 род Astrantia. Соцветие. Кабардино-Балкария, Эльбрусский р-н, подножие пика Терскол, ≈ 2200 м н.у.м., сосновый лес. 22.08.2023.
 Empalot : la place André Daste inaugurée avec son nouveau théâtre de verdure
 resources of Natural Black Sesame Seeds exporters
* * *
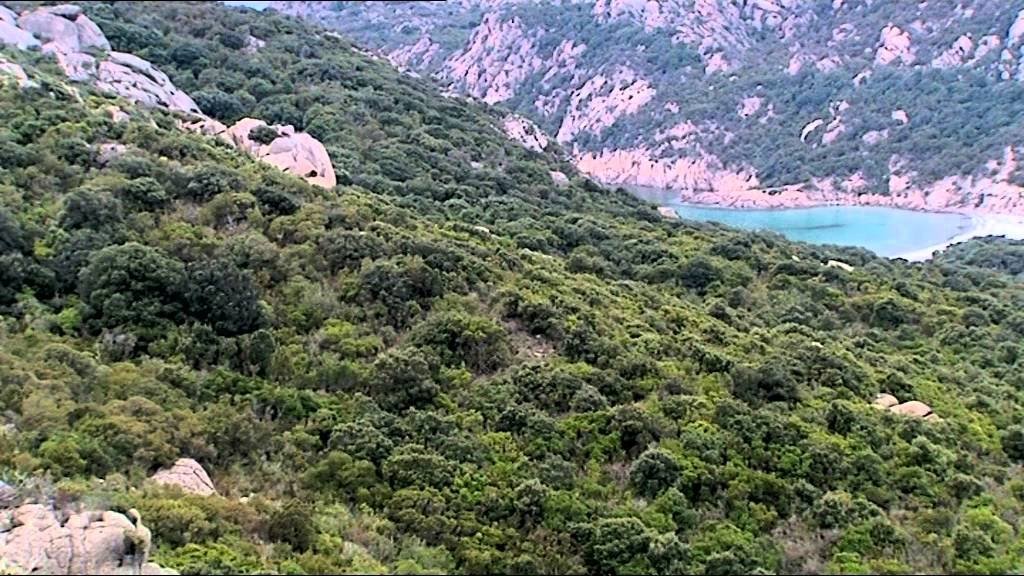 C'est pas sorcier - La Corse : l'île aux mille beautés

Assigned task: Using only the entries above, output the line with "род Astrantia. Соцветие.", the line with "resources of Natural", and all lines between them, exactly as they stand.

Solution for this task:
 род Astrantia. Соцветие. Кабардино-Балкария, Эльбрусский р-н, подножие пика Терскол, ≈ 2200 м н.у.м., сосновый лес. 22.08.2023.
 Empalot : la place André Daste inaugurée avec son nouveau théâtre de verdure
 resources of Natural Black Sesame Seeds exporters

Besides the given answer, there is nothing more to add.